-- EXERCISE DESCRIPTION --
Let the answer be the lines from the one with "#PlazaEnElCorazón" to the end of the entries, copied exactly with both boundary lines kept.

Stored data entries:
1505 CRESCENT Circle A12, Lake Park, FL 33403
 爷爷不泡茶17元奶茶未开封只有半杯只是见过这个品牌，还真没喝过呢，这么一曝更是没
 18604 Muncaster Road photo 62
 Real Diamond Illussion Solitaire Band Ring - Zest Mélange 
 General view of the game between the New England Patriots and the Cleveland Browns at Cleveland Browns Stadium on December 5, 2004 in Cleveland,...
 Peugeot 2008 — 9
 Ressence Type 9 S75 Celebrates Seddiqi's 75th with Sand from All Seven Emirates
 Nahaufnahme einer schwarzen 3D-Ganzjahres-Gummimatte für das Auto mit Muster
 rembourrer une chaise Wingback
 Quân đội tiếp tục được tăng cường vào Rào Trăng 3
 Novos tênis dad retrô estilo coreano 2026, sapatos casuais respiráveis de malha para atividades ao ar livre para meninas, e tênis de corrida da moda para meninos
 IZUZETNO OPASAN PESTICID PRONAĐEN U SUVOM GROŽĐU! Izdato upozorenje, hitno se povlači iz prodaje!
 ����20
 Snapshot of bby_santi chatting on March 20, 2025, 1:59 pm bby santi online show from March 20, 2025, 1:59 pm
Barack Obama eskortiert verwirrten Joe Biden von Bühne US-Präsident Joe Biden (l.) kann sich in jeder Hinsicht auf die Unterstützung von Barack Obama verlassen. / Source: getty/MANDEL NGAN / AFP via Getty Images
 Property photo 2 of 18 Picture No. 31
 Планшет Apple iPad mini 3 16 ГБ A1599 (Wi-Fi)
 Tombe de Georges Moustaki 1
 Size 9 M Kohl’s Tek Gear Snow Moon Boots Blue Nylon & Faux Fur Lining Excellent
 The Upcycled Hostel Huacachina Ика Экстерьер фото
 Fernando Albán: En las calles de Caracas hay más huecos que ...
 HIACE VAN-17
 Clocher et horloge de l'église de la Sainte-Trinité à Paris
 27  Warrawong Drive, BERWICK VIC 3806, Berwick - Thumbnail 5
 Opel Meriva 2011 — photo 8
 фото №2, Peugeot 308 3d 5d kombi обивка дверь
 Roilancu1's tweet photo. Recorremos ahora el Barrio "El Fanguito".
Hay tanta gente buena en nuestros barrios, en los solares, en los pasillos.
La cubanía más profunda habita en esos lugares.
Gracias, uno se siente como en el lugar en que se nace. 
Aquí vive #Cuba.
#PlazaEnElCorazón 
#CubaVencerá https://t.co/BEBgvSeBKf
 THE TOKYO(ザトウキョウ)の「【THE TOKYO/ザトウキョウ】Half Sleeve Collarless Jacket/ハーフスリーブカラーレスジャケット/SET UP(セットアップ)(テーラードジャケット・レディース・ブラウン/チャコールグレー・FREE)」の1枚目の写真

-- OUTPUT BELOW --
#PlazaEnElCorazón 
#CubaVencerá https://t.co/BEBgvSeBKf
 THE TOKYO(ザトウキョウ)の「【THE TOKYO/ザトウキョウ】Half Sleeve Collarless Jacket/ハーフスリーブカラーレスジャケット/SET UP(セットアップ)(テーラードジャケット・レディース・ブラウン/チャコールグレー・FREE)」の1枚目の写真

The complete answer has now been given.